October 23, 2015 at 7:30 AM

The Write-Up: Michael Chavis, Luis Alexander Basabe, Stanley Espinal

Recently, SoxProspects Director of Scouting Ian Cundall and Assistant Director of Scouting Chaz Fiorino traveled to the Fall Instructional League to report on the goings-on in Fort Myers. This is the sixth of six reports from the trip.

FORT MYERS, Fla. --  Michael Chavis was the Red Sox first, first-round selection of the 2014 MLB draft, going 26th overall. At the time, he was listed at 5-foot-10, 180 pounds out of high school. The 20-year-old Chavis is now listed at 210 pounds, and that he has apparently added 30 pounds since high school is incredible given his already strong, undersized, compact frame. Chavis is very strong in both the upper and lower body with a strong core and looks maxed out physically at this point. Though undersized, he has a very strong frame with athleticism.

At the plate, Chavis stands open from the right side with a slight crouch. He generates rhythm and timing pre-pitch with his hands as he slightly waggles them back and forth. Chavis generates plus bat speed through the zone and is an overly-aggressive hitter both early in counts and generally in chasing out of the zone.  Chavis’ calling card is his plus power that he generates from his plus bat speed, strong forearms, strong wrists, and uphill swing path.
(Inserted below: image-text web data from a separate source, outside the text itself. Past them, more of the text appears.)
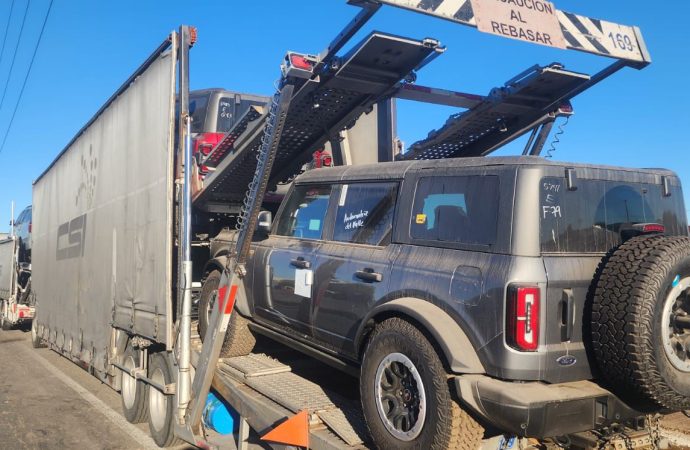 Agricultores toman dos tramos carreteros en la frontera de Sonora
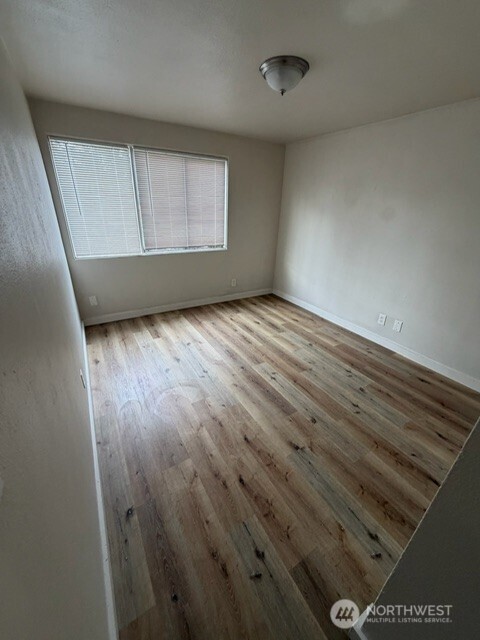 3103 90th Street Property Photo 10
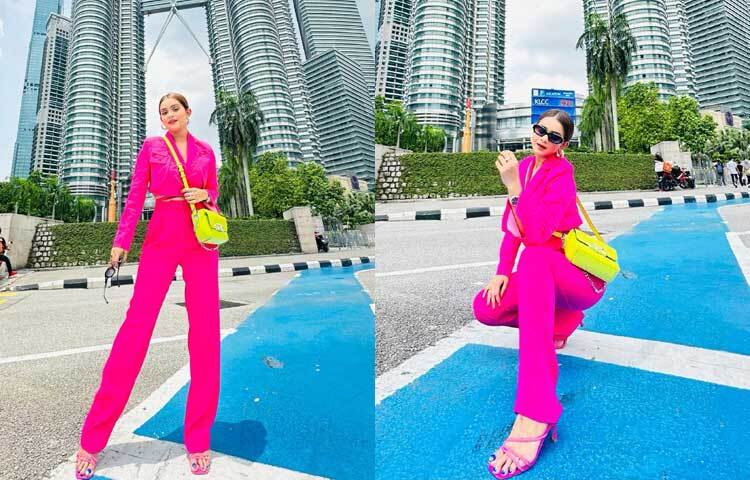 ম্যাজেন্টা গোলাপি কো-অর্ডের ওপরে শর্ট ব্লেজার আর বটমে হাই ওয়েস্ট প্যান্টের সঙ্গে ম্যাচিং হিল পরেছেন লাস্যময়ী এ অভিনেত্রী। ছবি: ফেসবুক থেকে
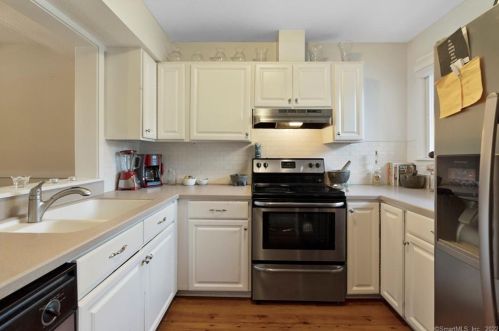 5 Meadow Ave, Woodbury, CT 06798-3921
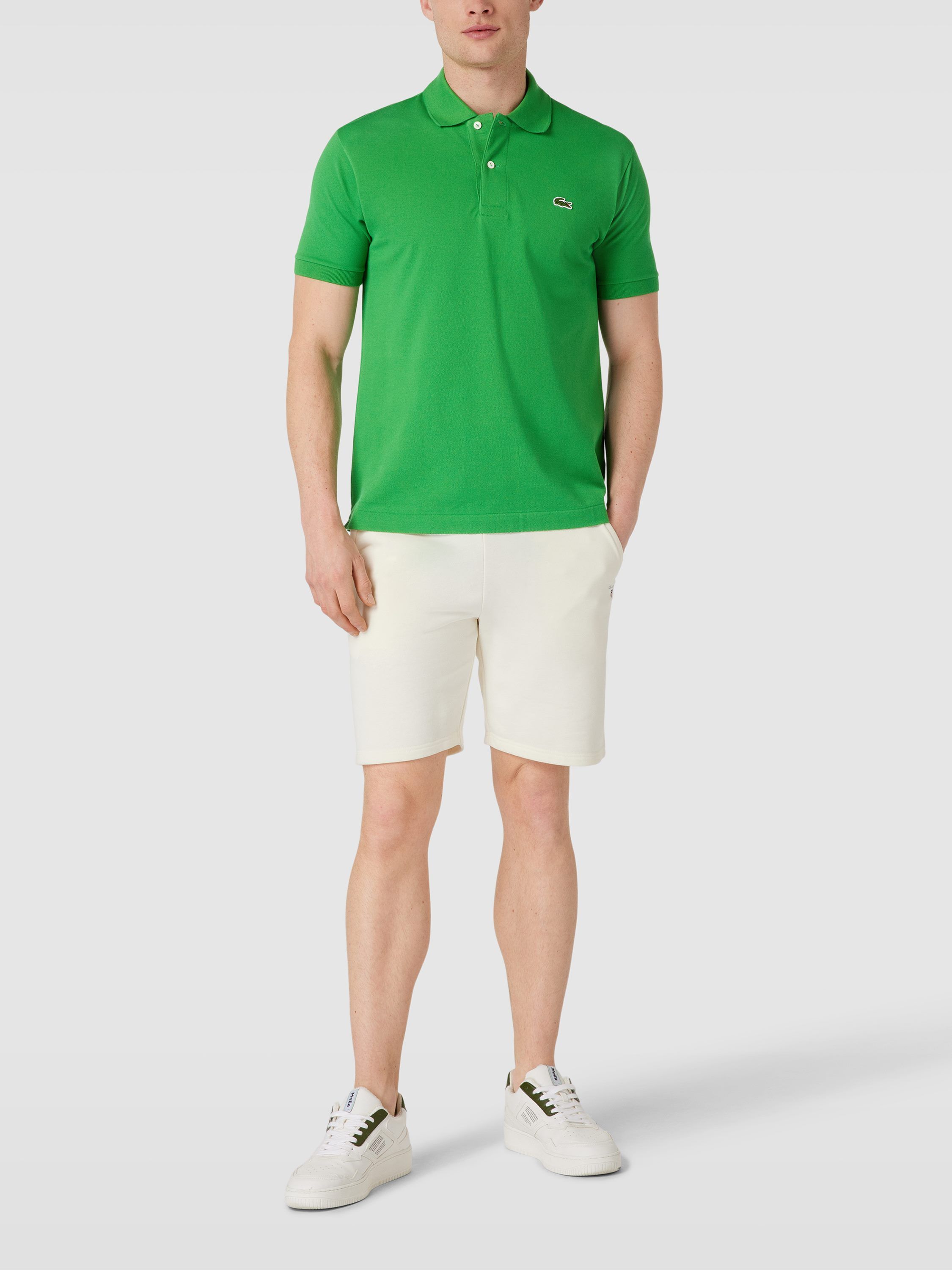 Футболка мужская Lacoste 1721468 зеленая XL (доставка из-за рубежа), Зеленый, 1721468
Футболка мужская Lacoste 1721468 зеленая XL (доставка из-за рубежа), Зеленый, 1721468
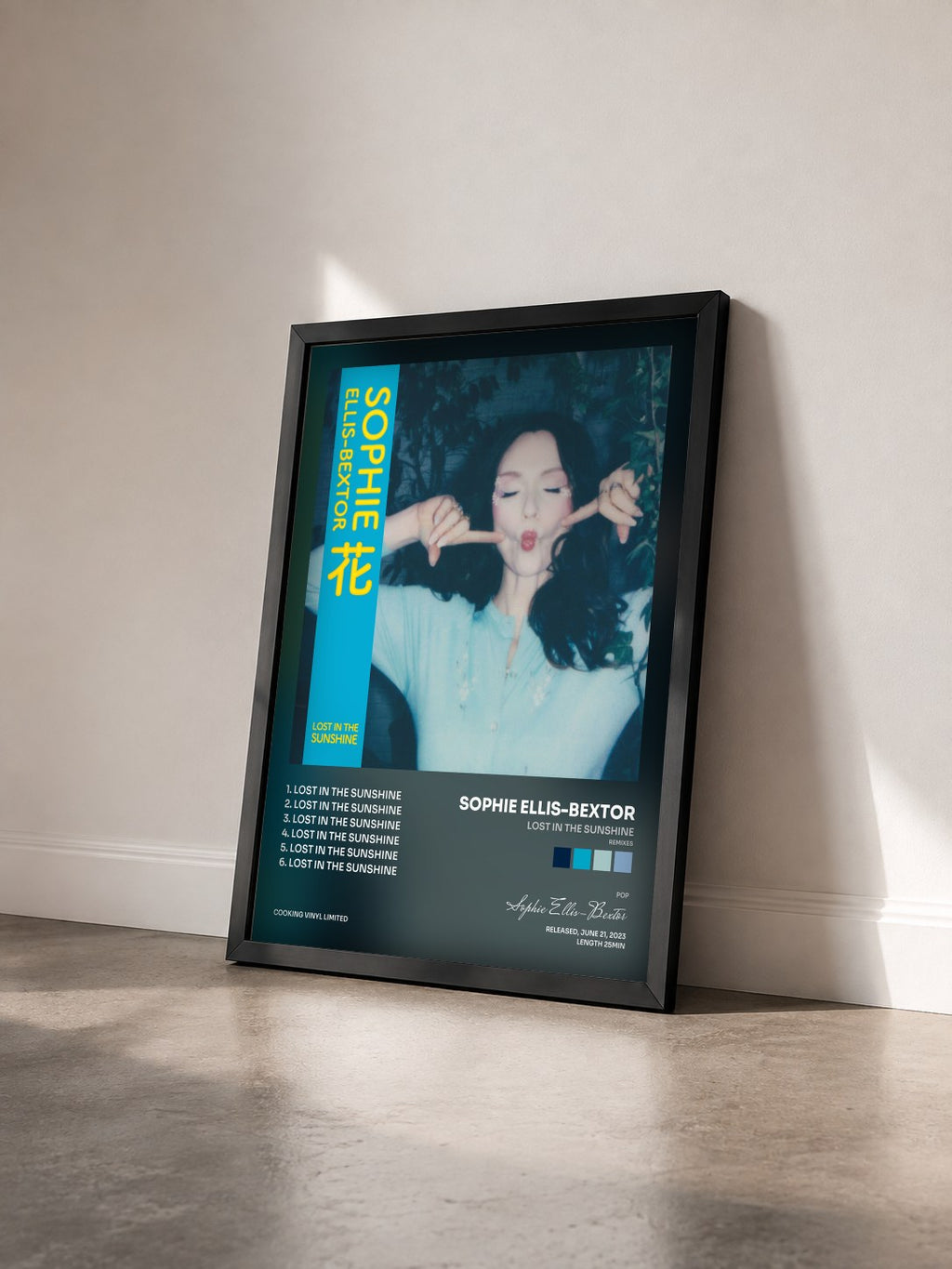 #noir Lost in the Sunshine (Remixes) di Sophie Ellis-Bextor in stampa incorniciata vista di tre quarti, cornice nera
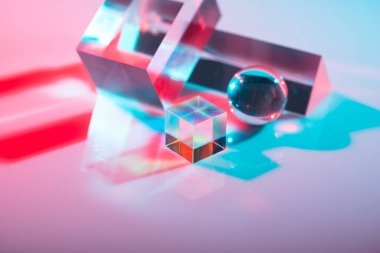 Optik cam kristal prizması. Çoklu renkli holografik ışık efekti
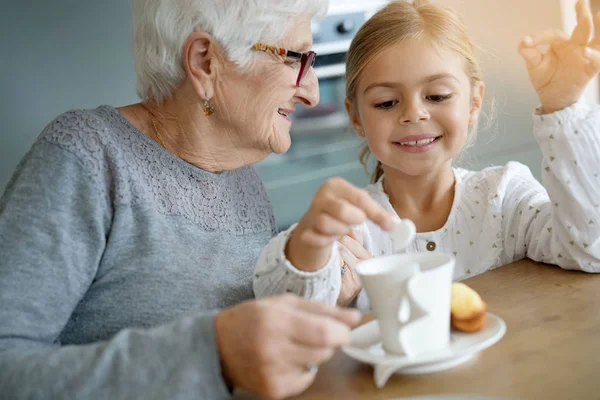 Büyükanne ile çay saati olan kız — Stok fotoğraf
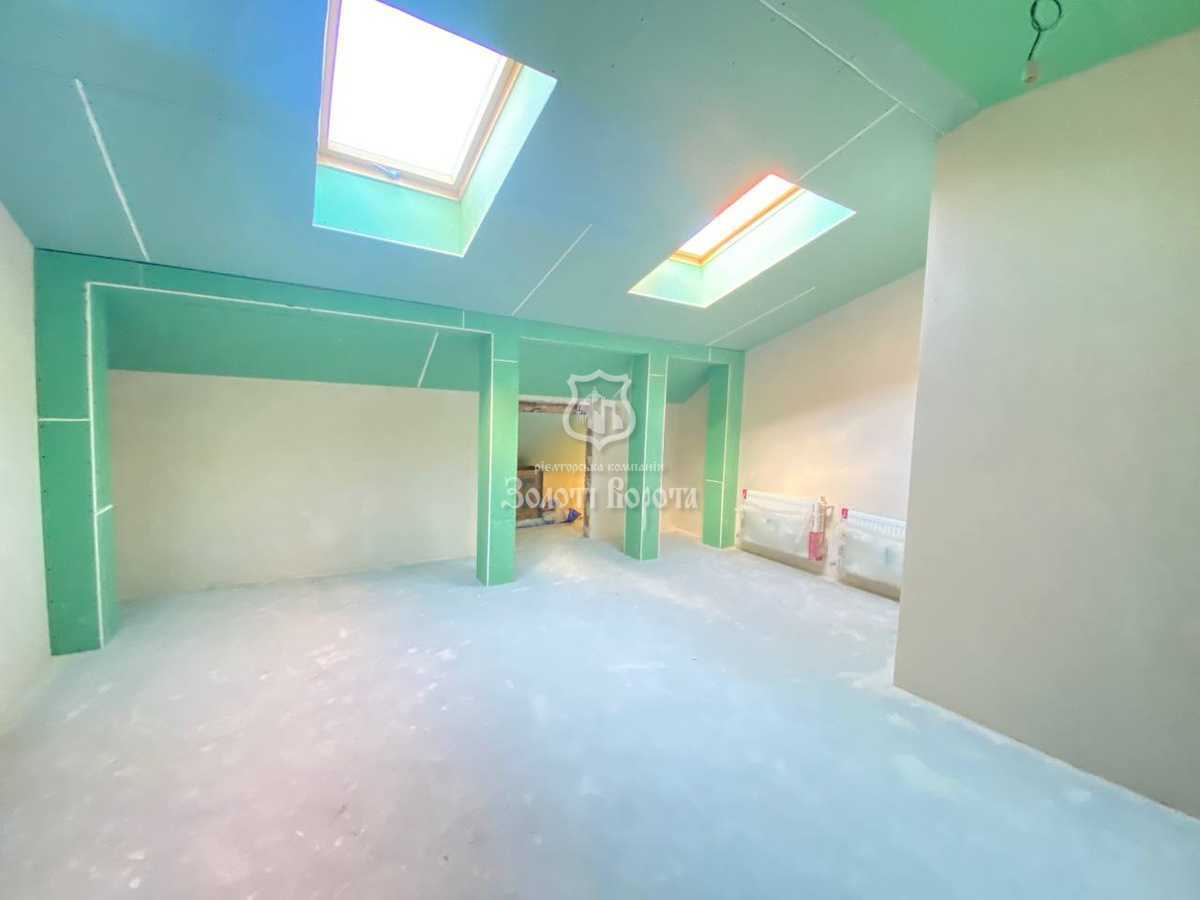 Продаж 3-кімнатної квартири 130 м², Тарасівська вул., 9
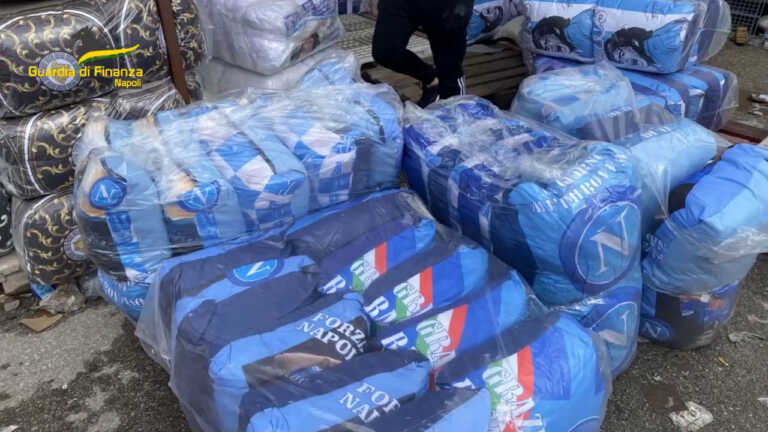 Galleria foto 'Napoli, sequestrati oltre 35 mila articoli calcistici' - foto 1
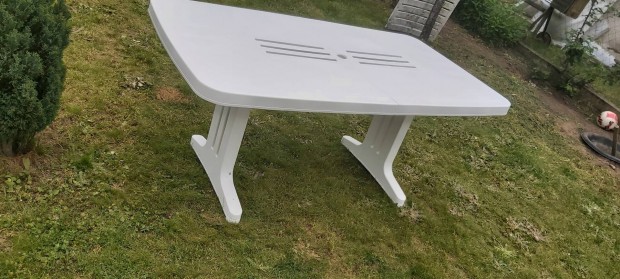 müanyag kerti asztal 160 x 90 cm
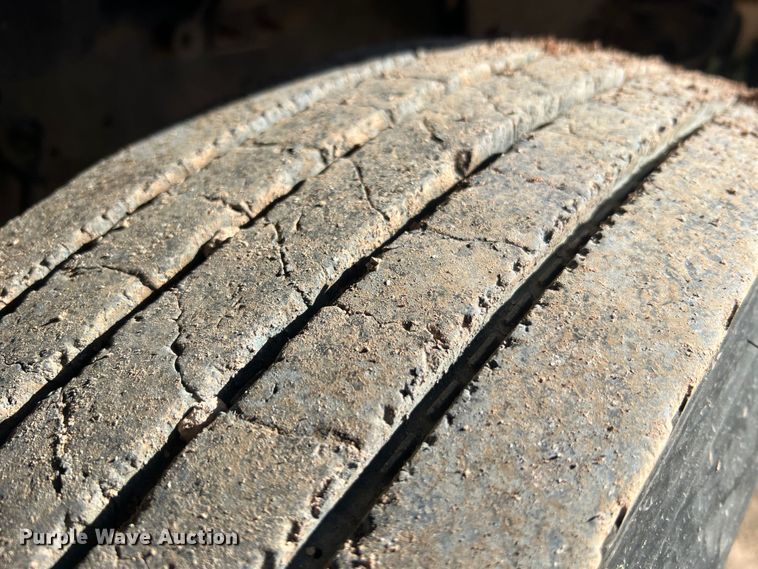 image for item MR9838 2005 Blue Bird Vision  school bus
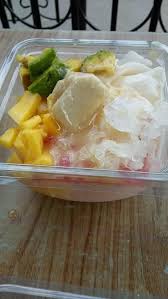 Malah justru menu makananlah yang mendominasi dan menjadi favorit dari segi harga memang bisa dibilang lumayan mahal. Es Teler Durian 56 Home Facebook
In the field, Chavis moves well laterally side-to-side at third base with soft hands and athletic actions. Given Chavis’ frame and power potential, I see him best suited to third base or a potential move to a corner outfield spot long term. I had Chavis displaying 50 arm strength overall, but he did show plus arm strength when he was able to take his time, gather his feet and rear back to fire it over to first base, which appeared to take some effort. The throws are not always on target to first base as a result of some choppy footwork and transfers, but he is athletic, still learning, and should improve with improved body control and repetition, projecting to be an average defender at third base in the future.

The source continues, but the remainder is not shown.